Saturday, April 26, 2008

code without free() is code without freedom

Programmers are lazy. If we weren't, we'd choose to do the repetitive task by hand rather than automating it. But programming takes discipline to do correctly. Garbage collection is a wonderful invention that can vastly reduce bugs and increase productivity. But combined with that laziness, it's a dangerous thing.

Memory allocation is intimately connected with another topic: ownership and lifetime. Being freed from releasing memory, programmers create references willy-nilly, assuming they'll be released "when they are no longer needed". What is missing is the realization that "no longer needed" is a semantic decision that no environment is in a position to make. The only deterministic decision to be made is that a particular chunk of memory is no longer referenced. By ignoring memory management issues, programmers create huge webs of references that lure unsuspecting pointers into their clutches, never to be released. Java programmers have a wonderful euphemism for this: "unintentional object retention". The rest of the world calls this a "memory leak".

More insidious than simple object retention, is the API decisions. Or, more precisely, lack thereof. Ownership issues are ignored in both interface and documentation. So even if a conscientious coder comes along and attempts to properly manage lifetime, they find themselves without sufficient information and ability to do so. Before long, they too become ensnared. Faced with this problem, programmers have three paths they can take: ignore it and write unmanagable code with no rhyme or reason to its memory usage, rewrite the offending code with clear ownership and lifetime semantics, or move to New Zealand and raise sheep. Of the three, New Zealand is the most appealing solution.

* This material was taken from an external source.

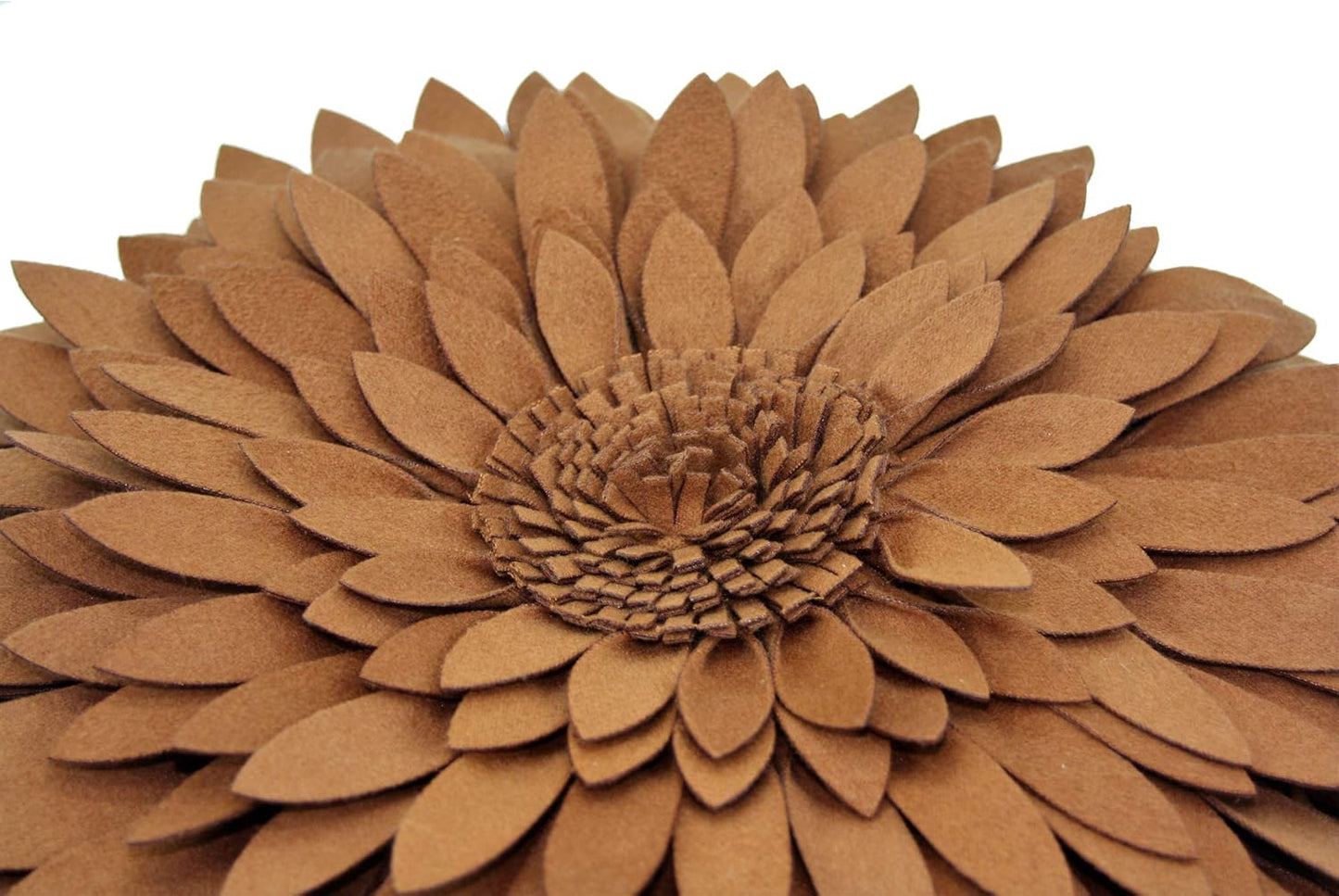 Contempo Lifestyles 3D Daisy & Sunflower Decorative Pillow - Flower-Shaped, Solid Mocha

Similarly, memory allocation is a potentially expensive operation. Hiding it from the programmer eliminates awareness of an important behavior in any program and adds a dangerous amount of nondeterminism to memory usage and performance. Frankly, these are often somewhat less important than the poor design decisions. With a little bit of extra work, implementations can be fixed to avoid allocations. Often repairing faulty designs is much more difficult. Different languages provide different levels of support for this. Java provides more visibility into allocations (typically) than, say, Python. Conversely (and somewhat unexpectedly) Python provides significantly more support for lifetime management, particularly with 2.6. The 'with' keyword provides RAII-like semantics and weakrefs provide support for releasing related or non-memory resources when the owning class goes away. In contrast, Java provides only finalize() methods (which are fundamentally broken). It's weak references provide no notification when the referrant is released.

Remember those three decisions I mentioned above? Want to write reliable, deterministic code? Yes? Want to rewrite Java? No? That just leaves sheep.